While observing Schiffbruch mit Wolf (Shipwreck with Wolf), a vast canvas painted by Ruprecht von Kaufmann, a boundless feeling of mysterious vastness catches our mind at glance. The sea is a mirror to the dark sky and it is only the different texture of colour, smooth and flowing towards the top part of the painting, creamy, mellow and layered towards the bottom part, that allows the eye to distinguish what is air and what is water. A boat lies in the center. This main object is the only one that captures our eye in this continuum of purple, indigo and silver shadows. On board two men in front of each other stand out in bright orange clothes with blurred features.
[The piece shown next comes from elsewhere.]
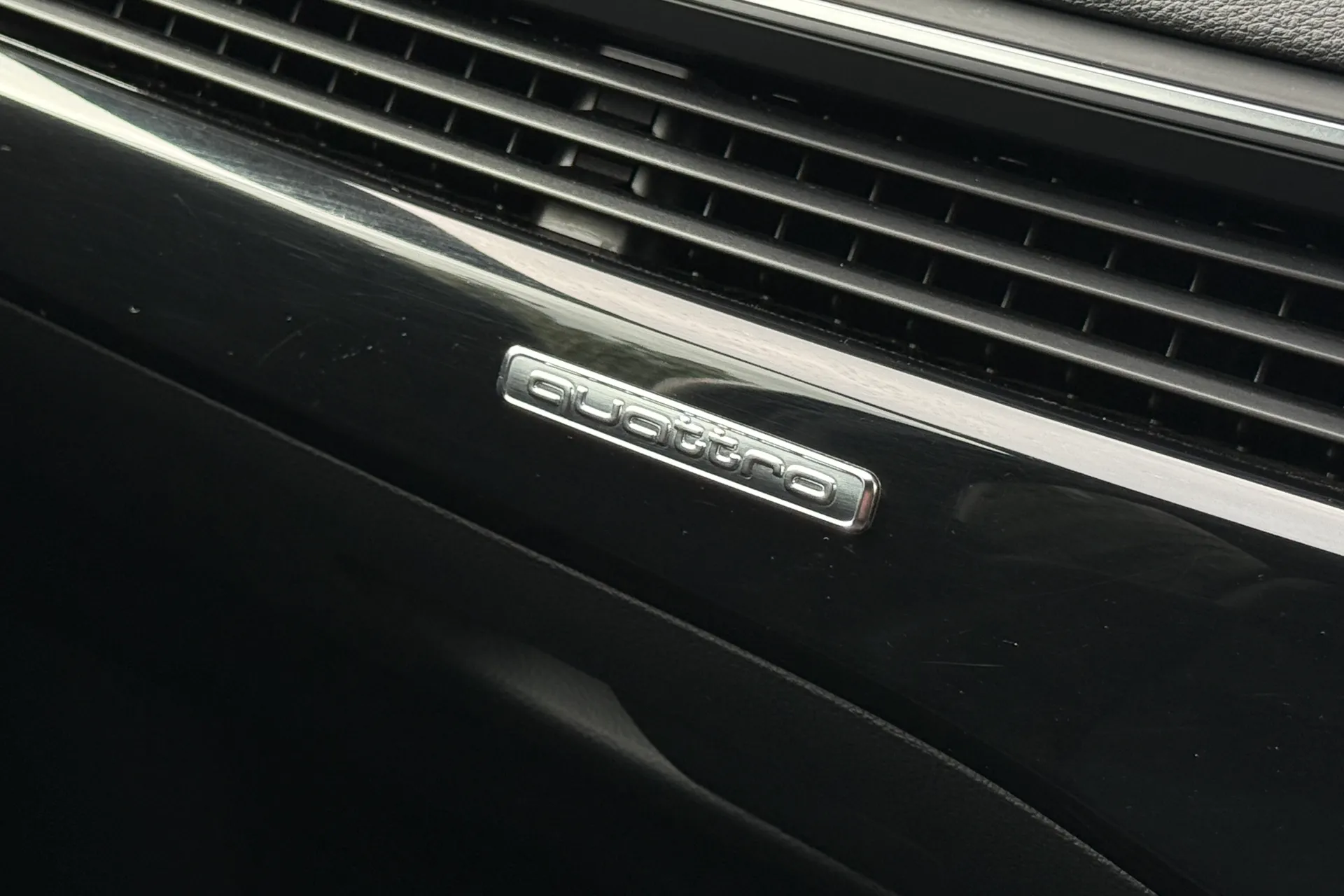 Audi RS4 thumbnail image number 36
Hence, where does the wolf in the title stand? “The wolf shows itself only in front of men who face themselves alone”; with this quote the artist partially solves the interpretation of this enigma.
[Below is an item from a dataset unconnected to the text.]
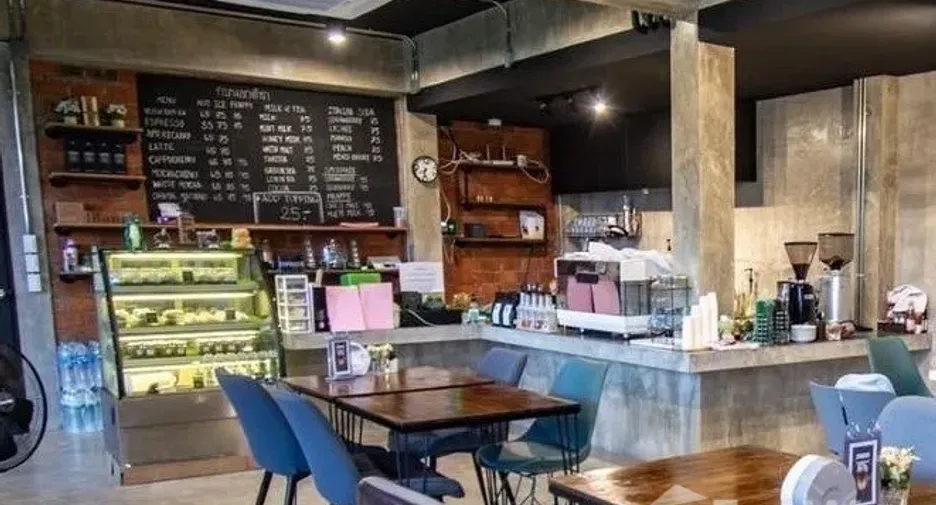 For sale and for rent 3 bedrooms retail Space in Mueang Chiang Mai, Chiang Mai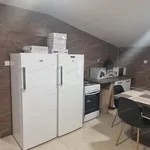 Rent 3 bedroom apartment of 50 m² in Kecskemét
We believe that the painting could simply represent the theoretic condition “homo homini lupus” investigated by Thomas Hobbes, which consists of the predatory tendency of human behavior in front of its own kind. But what Kaufmann really seems to explore and display constantly in his work reminds us of a real individuation process, theorized by Carl Gustav Jung. This foresees that the individual faces the brave mission of encountering his own Shadow, the darkest side of human mind, which coincides with the most primitive parts of personality, with the instinctual drive that the rational mind tries to repress. What is shown is the constant journey towards the discovery of our authentic nature, an introspective voyage through the depths of the psyche. Therefore the artist often uses the sea, declaring that he has always been fascinated by the ambiguity of water, necessary for life but at the same time an object of mysterious and ferocious destruction.
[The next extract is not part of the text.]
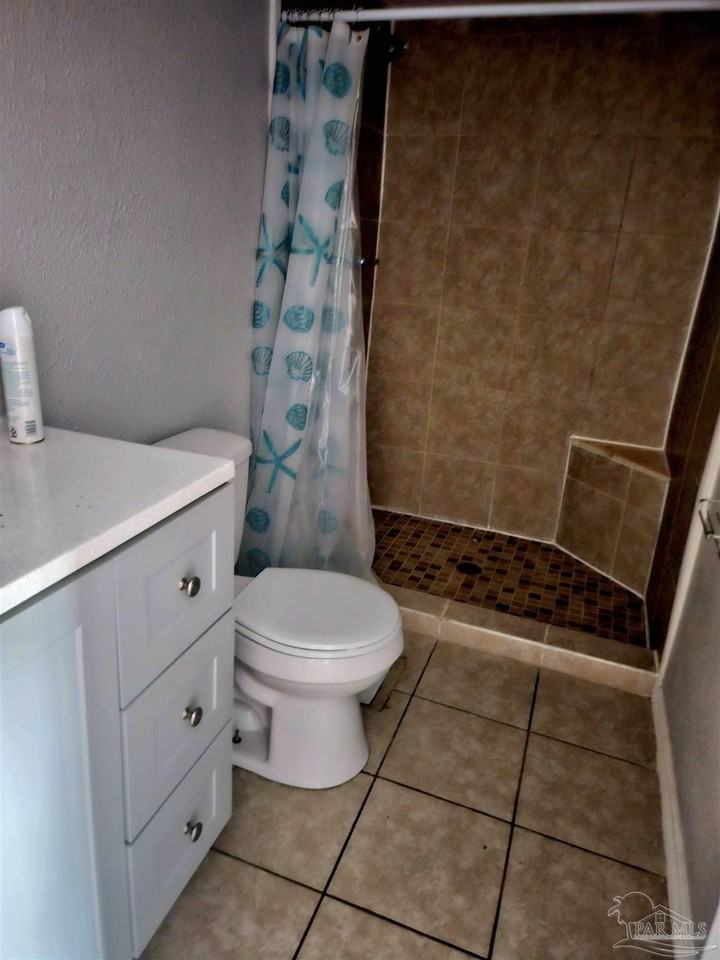 4106 W Jackson St - Photo 6 of 8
Sea and sky at night create the symbolic landscape which is ideal for portraying the lonely introspection process and the shades of the painting, often used by the artist, because they have “a very immediate emotional impact on the viewer”, allow the audience to experience a direct empathetic connection. Kaufman says: “I’m interested in what lies before rational thought”. For this reason a strong mythology and animal reference is present in his work. Therefore, in myths he seems to favour creatures in which human and animal nature coexist, such as the Sphynx, centaurs and minotaurs. In these figures the instinctual part exists strongly, as well and still is today, despite the secular process of civilization, in the subconscious of mankind. In fact, men are the only cultural animals able to handle their wild side through rational thoughts and feelings which are sublimated and acknowledged emotions. to be dealt with and not suppressed. “Greek Mythology expecially is full of amorphous creatures, half human, half animal. That’s not a coincidence. It’s a reflection of a very basic human struggle” which consists of trying to keep our body and its animal needs connected with the rational mind. What immediately comes to mind is Plato’s Chariot driven by two horses, one white and one black, dissident driving forces, led by a conscious chase whose task is to be able to give the white stallion reins which will lead him beyond the highest sky to contemplate the Hyperuranion. Kaufmann does something different, employing a more modern and opposite approach. In his painting, the artist seems able to guide his chariot in an exploration, in which he observes the deepest psyche without judging, instead empathizing with the unheard and demanding parts, in order to re-emerge enriched with experience. “When I paint, I’m interested in telling stories of experiences that are both individual and universal [...] and that’s why the heads of the characters in my canvases are blurred, erased, covered: I do not want my figures to be portraits of a specific subject but rather archetypes”. Although the paintings show powerful moving images, Kaufmann, unlike many of his colleagues, does not aim at shocking, he does not use traumatic tricks to describe the journey of the human soul. His work is like a lucid dream driven by an extreme desire of discovery. This desire is devoted to sharing all collective feelings that dwell in every man.